L’objectif central de la voie synodale est de s’attaquer aux causes systémiques des abus et de leur dissimulation, afin que l’Évangile puisse à nouveau être proclamé de manière crédible à l’avenir. La continuité de l’enseignement et la communion de l’Église universelle doivent être préservées dans ce processus. Une importance considérable est donc accordée à la consultation responsable et réfléchie des sources de connaissance de la foi et de la théologie (les « loci theologici »). Des théologiens universitaires participent à ces consultations sur le chemin synodal. Il est tout aussi important, lorsqu’on aborde les questions de réforme de la voie synodale, de tenir compte des possibilités et des limites qui existent au niveau décisionnel des diocèses et de la Conférence épiscopale, et d’examiner les préoccupations qui doivent être intégrées dans le dialogue avec l’Église universelle. C’est notamment pour cette raison que les catholiques d’Allemagne envisagent avec espoir le chemin synodal de l’Église universelle. Ils considèrent ce chemin comme une bonne occasion, d’une part, d’intégrer leurs propres expériences synodales et, d’autre part, d’apporter les idées qu’ils ont acquises en ce qui concerne les étapes ultérieures que l’Église doit franchir sur son chemin de pèlerinage à travers le temps.

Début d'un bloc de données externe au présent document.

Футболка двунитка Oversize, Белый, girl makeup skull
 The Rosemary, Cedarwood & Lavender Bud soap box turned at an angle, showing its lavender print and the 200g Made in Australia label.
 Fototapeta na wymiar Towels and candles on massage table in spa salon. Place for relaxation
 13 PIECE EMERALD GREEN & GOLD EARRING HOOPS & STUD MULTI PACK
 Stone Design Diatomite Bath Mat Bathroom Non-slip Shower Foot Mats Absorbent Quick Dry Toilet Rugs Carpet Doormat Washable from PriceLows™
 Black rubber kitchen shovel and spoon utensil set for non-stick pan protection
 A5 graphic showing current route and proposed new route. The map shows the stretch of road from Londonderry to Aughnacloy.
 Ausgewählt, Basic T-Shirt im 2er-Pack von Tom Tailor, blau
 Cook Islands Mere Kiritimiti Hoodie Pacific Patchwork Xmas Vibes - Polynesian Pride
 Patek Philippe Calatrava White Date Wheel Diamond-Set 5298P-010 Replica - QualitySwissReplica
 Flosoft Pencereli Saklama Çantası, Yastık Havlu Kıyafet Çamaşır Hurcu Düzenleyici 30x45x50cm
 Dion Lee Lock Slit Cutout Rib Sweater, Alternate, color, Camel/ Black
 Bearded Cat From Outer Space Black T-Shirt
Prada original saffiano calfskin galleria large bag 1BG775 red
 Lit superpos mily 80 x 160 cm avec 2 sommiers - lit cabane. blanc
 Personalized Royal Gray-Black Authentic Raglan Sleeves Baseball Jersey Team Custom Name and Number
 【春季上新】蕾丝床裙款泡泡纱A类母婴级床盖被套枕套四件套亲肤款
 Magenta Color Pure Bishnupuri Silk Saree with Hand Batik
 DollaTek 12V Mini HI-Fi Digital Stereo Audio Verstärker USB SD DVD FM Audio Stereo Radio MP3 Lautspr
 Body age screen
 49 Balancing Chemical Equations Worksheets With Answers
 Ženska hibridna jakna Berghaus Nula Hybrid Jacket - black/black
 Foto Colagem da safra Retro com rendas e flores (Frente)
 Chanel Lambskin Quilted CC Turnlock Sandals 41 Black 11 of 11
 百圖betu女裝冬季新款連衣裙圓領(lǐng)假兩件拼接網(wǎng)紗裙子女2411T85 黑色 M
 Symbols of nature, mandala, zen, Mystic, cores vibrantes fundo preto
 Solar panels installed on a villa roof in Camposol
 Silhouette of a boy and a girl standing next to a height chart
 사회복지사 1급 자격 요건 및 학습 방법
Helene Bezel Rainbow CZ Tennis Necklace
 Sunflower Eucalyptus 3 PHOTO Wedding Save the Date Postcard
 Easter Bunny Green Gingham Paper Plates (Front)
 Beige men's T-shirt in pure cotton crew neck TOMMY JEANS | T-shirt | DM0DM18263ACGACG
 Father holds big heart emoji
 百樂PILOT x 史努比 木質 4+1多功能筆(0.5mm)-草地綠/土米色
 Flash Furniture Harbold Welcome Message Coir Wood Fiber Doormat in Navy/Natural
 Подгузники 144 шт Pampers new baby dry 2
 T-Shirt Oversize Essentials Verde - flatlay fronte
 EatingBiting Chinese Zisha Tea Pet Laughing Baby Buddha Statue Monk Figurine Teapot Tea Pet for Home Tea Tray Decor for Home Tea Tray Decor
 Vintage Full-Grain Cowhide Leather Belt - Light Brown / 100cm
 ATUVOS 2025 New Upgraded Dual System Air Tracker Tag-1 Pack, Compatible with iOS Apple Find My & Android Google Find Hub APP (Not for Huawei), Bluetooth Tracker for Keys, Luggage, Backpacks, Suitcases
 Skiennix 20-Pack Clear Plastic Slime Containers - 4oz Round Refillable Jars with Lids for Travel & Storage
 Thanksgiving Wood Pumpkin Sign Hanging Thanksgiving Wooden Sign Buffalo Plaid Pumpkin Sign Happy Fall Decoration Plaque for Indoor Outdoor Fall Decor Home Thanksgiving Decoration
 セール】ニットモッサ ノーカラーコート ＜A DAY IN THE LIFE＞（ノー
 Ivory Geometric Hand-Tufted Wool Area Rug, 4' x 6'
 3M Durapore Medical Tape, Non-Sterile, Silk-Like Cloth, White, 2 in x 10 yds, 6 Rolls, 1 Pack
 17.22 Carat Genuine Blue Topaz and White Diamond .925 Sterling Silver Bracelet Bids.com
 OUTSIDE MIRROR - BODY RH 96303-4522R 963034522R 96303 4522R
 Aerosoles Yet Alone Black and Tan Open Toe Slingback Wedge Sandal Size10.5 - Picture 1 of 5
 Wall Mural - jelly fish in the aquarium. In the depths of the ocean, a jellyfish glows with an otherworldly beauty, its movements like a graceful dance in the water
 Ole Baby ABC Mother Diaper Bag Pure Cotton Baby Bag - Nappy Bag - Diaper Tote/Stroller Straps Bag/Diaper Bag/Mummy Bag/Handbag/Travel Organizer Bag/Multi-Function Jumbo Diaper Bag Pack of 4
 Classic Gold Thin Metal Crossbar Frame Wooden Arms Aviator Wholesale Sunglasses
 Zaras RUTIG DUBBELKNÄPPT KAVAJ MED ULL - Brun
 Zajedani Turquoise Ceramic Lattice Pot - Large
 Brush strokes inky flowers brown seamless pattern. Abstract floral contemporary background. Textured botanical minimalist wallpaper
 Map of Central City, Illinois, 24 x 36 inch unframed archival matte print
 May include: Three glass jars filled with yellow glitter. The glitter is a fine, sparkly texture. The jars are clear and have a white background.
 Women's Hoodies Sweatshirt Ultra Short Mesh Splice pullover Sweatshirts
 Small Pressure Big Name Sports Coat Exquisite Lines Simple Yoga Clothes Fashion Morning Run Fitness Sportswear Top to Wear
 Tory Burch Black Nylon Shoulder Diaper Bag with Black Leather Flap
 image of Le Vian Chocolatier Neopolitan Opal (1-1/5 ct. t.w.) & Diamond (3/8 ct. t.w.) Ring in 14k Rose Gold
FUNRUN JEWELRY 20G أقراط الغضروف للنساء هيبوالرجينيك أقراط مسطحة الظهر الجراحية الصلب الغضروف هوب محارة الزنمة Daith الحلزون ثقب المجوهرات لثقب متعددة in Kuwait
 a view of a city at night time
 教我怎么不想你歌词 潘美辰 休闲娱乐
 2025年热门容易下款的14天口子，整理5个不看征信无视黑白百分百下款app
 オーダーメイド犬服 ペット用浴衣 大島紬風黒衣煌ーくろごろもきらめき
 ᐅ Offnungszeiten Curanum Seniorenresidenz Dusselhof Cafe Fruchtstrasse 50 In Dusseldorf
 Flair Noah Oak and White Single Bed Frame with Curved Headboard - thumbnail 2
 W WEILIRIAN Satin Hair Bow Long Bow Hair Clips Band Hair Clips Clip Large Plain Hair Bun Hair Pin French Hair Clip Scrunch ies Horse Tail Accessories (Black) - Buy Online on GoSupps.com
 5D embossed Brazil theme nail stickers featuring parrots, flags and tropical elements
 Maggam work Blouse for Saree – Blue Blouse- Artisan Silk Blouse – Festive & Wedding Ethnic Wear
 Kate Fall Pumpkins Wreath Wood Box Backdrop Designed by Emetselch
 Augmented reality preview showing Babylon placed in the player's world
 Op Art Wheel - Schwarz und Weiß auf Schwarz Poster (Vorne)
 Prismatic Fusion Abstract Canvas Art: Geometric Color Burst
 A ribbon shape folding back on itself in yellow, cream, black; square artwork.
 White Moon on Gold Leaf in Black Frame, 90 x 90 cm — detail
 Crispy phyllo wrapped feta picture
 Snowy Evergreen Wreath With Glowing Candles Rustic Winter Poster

3. Consultation œcuménique
14 des 29 organisations membres du Conseil des Églises chrétiennes en Allemagne (ACK) qui ont été consultées, dont les Églises orthodoxes et orthodoxes orientales, l’Église protestante en Allemagne (EKD) et les Églises libres de diverses traditions ainsi que l’Église vieille-catholique et d’autres Églises, ont apporté leurs expériences synodales et leurs réflexions théologiques aux consultations de la Conférence épiscopale allemande pour le Synode mondial des évêques. Le retour d’information montre qu’un fort développement des structures synodales est corrélé à une large participation des fidèles aux processus décisionnels de l’Église, en particulier dans les contextes évangéliques et d’Églises libres. Certaines Églises qui ont une longue expérience de la synodalité soulignent que les processus synodaux ne conduisent pas toujours à un consensus sur des questions théologiques ou morales controversées, et qu’il n’est parfois pas possible de faire plus que d’établir une manière de traiter la dissidence qui soit acceptable pour tous. Un résumé des réactions sera préparé séparément et mis à disposition.